(Beginning of EXERCISE INPUTS)

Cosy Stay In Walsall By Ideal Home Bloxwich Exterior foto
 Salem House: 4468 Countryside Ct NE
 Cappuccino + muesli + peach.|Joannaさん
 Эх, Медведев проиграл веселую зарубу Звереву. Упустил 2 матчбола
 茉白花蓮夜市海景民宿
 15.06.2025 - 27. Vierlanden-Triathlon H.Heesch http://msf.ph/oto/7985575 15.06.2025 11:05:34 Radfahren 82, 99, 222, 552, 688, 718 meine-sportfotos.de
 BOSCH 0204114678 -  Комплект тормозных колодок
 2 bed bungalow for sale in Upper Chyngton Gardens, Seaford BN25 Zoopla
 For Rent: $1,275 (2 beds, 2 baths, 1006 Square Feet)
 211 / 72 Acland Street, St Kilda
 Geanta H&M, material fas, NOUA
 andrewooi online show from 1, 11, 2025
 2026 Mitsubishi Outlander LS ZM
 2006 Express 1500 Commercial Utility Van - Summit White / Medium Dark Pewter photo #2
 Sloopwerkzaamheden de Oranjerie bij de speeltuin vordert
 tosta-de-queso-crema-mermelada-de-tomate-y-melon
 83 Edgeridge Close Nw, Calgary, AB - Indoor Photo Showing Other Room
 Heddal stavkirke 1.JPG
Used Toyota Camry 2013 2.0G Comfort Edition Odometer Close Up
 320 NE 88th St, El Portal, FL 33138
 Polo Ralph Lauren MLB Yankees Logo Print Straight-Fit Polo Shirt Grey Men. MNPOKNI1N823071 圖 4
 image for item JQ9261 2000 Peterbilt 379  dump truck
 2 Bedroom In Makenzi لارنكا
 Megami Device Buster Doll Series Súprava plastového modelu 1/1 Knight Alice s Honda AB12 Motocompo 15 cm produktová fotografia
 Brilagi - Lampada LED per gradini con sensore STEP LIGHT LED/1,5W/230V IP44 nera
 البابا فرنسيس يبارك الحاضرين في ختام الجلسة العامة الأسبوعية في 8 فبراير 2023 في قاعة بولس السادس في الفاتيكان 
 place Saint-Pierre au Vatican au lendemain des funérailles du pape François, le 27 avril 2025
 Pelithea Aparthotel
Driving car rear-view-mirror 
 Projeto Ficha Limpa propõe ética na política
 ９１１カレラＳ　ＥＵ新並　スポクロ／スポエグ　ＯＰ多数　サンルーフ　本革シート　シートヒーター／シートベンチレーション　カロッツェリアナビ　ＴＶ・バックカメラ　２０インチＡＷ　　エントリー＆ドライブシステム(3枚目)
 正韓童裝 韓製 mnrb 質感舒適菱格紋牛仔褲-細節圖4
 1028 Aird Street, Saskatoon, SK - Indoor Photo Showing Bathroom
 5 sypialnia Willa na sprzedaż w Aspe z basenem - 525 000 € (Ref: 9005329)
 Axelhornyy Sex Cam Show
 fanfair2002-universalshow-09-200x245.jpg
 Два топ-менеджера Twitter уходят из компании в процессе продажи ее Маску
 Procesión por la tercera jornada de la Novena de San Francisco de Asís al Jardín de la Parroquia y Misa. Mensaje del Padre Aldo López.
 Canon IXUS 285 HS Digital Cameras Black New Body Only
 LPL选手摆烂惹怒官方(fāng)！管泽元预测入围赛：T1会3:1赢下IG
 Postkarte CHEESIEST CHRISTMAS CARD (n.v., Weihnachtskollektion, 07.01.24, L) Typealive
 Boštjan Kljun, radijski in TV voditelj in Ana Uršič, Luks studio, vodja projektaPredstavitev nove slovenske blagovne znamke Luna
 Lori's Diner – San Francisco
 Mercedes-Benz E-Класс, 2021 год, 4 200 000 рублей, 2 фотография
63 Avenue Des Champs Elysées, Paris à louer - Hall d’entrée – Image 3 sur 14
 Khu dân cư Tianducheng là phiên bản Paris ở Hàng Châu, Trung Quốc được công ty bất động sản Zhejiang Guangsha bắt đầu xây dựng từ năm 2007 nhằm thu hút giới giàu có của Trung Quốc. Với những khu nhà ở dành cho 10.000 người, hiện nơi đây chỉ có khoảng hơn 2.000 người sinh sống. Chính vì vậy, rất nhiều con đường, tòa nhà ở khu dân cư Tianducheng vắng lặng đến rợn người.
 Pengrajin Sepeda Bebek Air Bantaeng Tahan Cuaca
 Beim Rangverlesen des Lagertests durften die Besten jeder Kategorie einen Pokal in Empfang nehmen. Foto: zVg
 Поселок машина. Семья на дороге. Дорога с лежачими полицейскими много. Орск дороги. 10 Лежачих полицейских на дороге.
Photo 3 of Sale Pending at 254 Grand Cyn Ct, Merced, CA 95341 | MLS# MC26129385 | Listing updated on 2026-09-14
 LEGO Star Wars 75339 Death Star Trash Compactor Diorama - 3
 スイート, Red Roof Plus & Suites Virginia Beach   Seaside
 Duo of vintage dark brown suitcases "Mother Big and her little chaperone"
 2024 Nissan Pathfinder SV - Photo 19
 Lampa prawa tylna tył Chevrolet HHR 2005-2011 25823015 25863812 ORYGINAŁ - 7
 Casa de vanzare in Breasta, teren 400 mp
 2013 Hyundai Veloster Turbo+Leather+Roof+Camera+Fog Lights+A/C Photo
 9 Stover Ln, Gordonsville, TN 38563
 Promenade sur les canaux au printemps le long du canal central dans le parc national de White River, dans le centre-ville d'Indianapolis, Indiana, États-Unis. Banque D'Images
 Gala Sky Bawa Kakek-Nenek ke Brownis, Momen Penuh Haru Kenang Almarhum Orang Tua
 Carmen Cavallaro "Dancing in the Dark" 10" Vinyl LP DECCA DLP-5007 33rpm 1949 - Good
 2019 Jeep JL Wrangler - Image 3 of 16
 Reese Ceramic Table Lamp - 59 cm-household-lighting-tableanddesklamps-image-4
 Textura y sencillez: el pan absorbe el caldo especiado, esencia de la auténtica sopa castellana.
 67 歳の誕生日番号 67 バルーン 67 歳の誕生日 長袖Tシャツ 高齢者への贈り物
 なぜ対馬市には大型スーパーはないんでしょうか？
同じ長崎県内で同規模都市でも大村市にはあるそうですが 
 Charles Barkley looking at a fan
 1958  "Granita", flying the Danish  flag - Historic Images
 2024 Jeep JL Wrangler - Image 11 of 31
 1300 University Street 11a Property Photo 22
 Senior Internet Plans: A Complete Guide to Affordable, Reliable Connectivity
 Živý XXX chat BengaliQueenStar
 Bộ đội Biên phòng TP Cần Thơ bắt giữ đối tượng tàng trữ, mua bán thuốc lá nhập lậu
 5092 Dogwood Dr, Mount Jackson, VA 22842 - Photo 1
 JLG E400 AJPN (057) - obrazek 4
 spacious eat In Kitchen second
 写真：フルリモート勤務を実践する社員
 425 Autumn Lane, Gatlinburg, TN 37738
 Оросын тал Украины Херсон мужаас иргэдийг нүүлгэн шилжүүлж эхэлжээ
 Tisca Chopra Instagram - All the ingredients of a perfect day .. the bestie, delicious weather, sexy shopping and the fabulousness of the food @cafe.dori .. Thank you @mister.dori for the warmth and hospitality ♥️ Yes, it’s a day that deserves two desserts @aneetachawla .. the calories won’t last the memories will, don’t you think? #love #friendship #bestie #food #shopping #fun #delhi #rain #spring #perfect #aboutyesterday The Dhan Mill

(End of EXERCISE INPUTS)

Repeat, word for word, the lines above between the line holding "Gala Sky Bawa" and the line holding "Reese Ceramic Table", inclusive; omit everything else.

REPLY TO THE EXERCISE →
 Gala Sky Bawa Kakek-Nenek ke Brownis, Momen Penuh Haru Kenang Almarhum Orang Tua
 Carmen Cavallaro "Dancing in the Dark" 10" Vinyl LP DECCA DLP-5007 33rpm 1949 - Good
 2019 Jeep JL Wrangler - Image 3 of 16
 Reese Ceramic Table Lamp - 59 cm-household-lighting-tableanddesklamps-image-4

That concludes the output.